Expanding Universe Teacher Guide

Introduction

Vera C. Rubin Observatory will detect millions of previously unknown supernovae and faint galaxies, providing a wealth of data that reveals that the Universe is expanding and that the rate of expansion is changing with time. Students examine the expansion rate of the Universe for different galaxies, and learn that the Universe appears to be expanding uniformly regardless of location. Together, these observations provide evidence to support the Big Bang theory.

Learning Outcomes

• Students can interpret a Hubble Plot to infer the relationship between a galaxy’s recessional velocity and its distance.
• Students can explain how the slope of a Hubble plot reveals the Universe is expanding.
• Students can demonstrate, through the use of a model, that Earth does not hold a unique position at the center of the Universe—rather, that every vantage point in the Universe appears as though it is the center.
• Students can use a Hubble plot to demonstrate that the expansion rate of the Universe has changed at different times in the history of the Universe.
• Students can infer that the expansion rate of the Universe is increasing from a Hubble plot that does not display a constant slope.
• Students can use their data to argue how the idea of expansion provides supporting evidence for the Big Bang theory.

Prerequisite Concepts

• Students should know that certain types of stars can explode, forming a supernova.
• Students should be familiar with the way that certain types of objects (in this case, Type Ia supernovae) can be used as standard candles to measure distances to galaxies.
• Students should know that an object that has redshifted light is moving away from the observer, and that the greater the redshift is for an object‘s light, the faster the object is moving away from the observer.
• Students should know that a distant galaxy looks as it did when both it and the Universe were much younger, because of the time it took light to travel from the galaxy to Earth.
• Students should be familiar with the Big Bang theory and the evidence used to support it.

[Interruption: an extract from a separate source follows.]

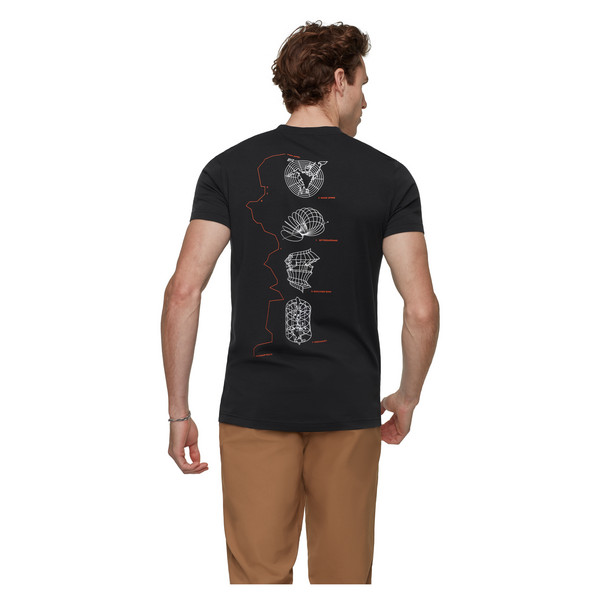 Mammut MOUNTAIN T-SHIRT MEN EIGER Herren - Funktionsshirt Ansicht 5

Where This Fits In Your Teaching

• Hubble’s Law
• Cosmological redshift
• Doppler shift
• Distance ladder
• Big Bang theory
• Cosmological principle
• Dark energy
• Supernovae
• Lookback time
• Galaxies
• History of astronomy
• Standard candles

Suggested investigations which could come BEFORE this one:

• Unlocking the Distances to Galaxies

• Exploding Stars

Suggested investigation which could come AFTER this one:

Exploring the Observable Universe

See Related Rubin Observatory Investigations for more details.

Investigation Timing

Online component: 40- 60 minutes.

Standards

Three-dimensional lesson summary

Students construct Hubble plots and analyze models to provide evidence for the Universe's expansion rate, and determine it has no center, then students compare data presented at two different scales to quantify how the expansion rate changes over time.

Building towards:

HS-ESS1-2 Construct an explanation of the Big Bang theory based on astronomical evidence of light spectra, motion of distant galaxies, and composition of matter in the universe.

Science Literacy and Critical Thinking Skills

• Engaging in argument from evidence
• Analyzing and interpreting data

Background

The International Astronomical Union voted in 2018 to rename Hubble’s Law the Hubble-Lemaître Law to recognize the contribution of Belgian astronomer Georges Lemaître, who published a paper on the expansion of the Universe two years before Hubble published his work. Lemaitre’s paper was published in a journal that had limited circulation, and therefore was not widely read until it was translated into English several years after Hubble’s publication.

The Hubble-Lemaître Law did not introduce the idea that the Universe was expanding. The idea of expansion preceded their work, and was supported both by theory and observations (Einstein and Slipher). The entire progression of the work of the scientists referenced in the introduction to this investigation provides an outstanding example of science as a collaborative and progressive process. The Hubble-Lemaître Law provided evidence for the expansion of the Universe and launched the next set of inferences: the Universe had a beginning, the age of the Universe could be estimated from the slope of the Hubble plot (the Hubble Constant), the rate of expansion has changed over time, and expansion is accelerating.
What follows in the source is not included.